Organisations need both extroverts and introverts as leaders states TUJobs

Organisations need both extroverts and introverts as leaders states TUJobsA new article published by TUJobs discusses the position of introverts in organisations, stating that extroverted personalities have an obvious advantage in society. However, there are a number of introverted leaders that have changed the world greatly.

“Internationally, J.K. Rowling, Steve Wozniak, Einstein, and Gandhi are used as examples,” explains Espen Skorstad, specialist in occupational and organisational psychology, and CEO at Cut-E Norway.

Furthermore, Bill Gates is also amongst the world’s most famous introverts.

Gates mentioned, “I think introverts can do quite well. If you’re clever, you can learn how to achieve the advantages of being an introvert. It may be to have the willingness to get away for a few days and think about a tough problem, read everything you can, push yourself very hard to think out outside of that area.

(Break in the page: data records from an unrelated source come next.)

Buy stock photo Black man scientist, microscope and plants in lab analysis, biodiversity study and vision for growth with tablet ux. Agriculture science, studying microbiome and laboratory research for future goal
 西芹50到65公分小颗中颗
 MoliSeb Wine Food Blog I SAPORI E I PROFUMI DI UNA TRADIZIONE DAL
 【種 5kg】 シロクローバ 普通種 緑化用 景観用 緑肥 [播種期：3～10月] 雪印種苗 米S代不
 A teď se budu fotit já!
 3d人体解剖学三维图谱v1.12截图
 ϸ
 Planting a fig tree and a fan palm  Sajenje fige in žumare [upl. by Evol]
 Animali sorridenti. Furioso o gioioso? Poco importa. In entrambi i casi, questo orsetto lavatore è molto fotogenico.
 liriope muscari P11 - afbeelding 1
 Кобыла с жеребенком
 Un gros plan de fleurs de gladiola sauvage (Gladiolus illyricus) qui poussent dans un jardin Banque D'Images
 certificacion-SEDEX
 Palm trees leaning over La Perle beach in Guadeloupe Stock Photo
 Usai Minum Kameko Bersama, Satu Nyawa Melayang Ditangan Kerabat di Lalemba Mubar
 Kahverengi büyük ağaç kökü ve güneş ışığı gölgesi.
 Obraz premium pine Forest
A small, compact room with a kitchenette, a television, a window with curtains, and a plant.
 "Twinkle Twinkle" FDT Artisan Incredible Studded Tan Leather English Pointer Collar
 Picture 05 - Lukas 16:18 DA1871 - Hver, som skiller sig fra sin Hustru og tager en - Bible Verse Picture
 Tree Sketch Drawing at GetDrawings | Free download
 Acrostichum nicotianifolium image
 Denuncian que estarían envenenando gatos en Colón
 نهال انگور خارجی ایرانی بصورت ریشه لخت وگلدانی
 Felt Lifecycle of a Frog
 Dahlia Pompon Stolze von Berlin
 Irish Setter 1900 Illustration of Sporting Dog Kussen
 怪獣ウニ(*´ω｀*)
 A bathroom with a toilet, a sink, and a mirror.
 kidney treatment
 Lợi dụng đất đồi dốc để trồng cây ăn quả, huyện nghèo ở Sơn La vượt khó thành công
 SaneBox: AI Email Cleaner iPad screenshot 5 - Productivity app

Then, if you come up with something, hire people, get them excited and build a company around that idea.”

Furthermore, Gates says that an introvert would be smart to hire extroverts, like Steve Ballmer, and benefit from both sets of skills in order to have a company that thrives both in deep thinking, team building, and the ability to sell those ideas.

Espen Skorstad tells TU that he thinks it could be useful to have both extroverts and introverts in a group of leaders.

“To caricature this a little: A group of extreme introverts will not make a very talkative assembly. Similarly, a group of extreme extroverts will not be very productive, as all of them compete for the word. It’s a widespread belief that groups consisting of different personalities and diversity works better than more homogeneous groups,” explains Skorstad.